= Ole Haugsrud =

American sports executive (1899-1976)

Oluf Roy Haugsrud (May 13, 1899 – March 13, 1976) was an American sports executive. Haugsrud was born in Superior, Wisconsin.

Haugsrud was owner of the Duluth Eskimos of the National Football League (NFL) in the late-1920s. His signing of Ernie Nevers and having the Eskimos barnstorm, is credited as helping grow the league at critical time. He later sold the team back to the NFL. Part of the deal was that he would have first rights to any future NFL team in the state of Minnesota. Though he passed on a stake in the Minneapolis Red Jackets in 1929, when the NFL expanded to Minneapolis–Saint Paul in January 1960, Haugsrud was given 10% ownership. He remained part owner of the Minnesota Vikings until his death in 1976 in Duluth. Haugsrud was the senior nominee for the Pro Football Hall of Fame in 1973. He was not elected.

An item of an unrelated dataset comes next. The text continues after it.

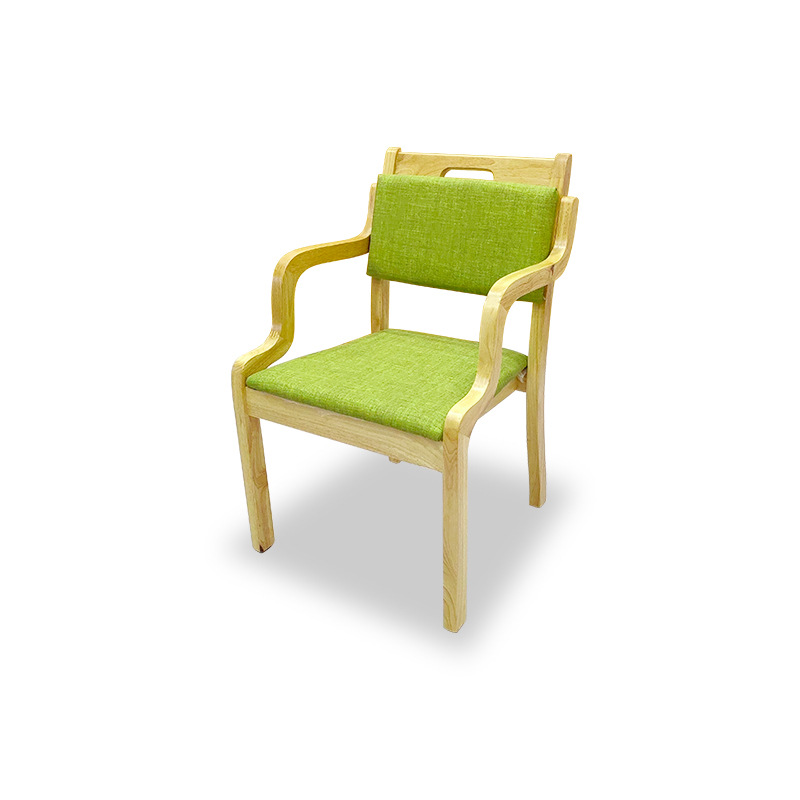 Chaise de salle à manger en bois massif B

The Vikings name and team colors are the same as Haugsrud's high school, Central High School in Superior. The Vikings secondary logo that is still in use is a modified version of Central's original logo.

There was a field in Superior, Wisconsin called Ole Haugsrud Field. The University of Wisconsin–Superior football team played there until the team went out of existence in the mid-1990s. The Superior High School Spartans played there until 2014 (when the high school's new stadium opened).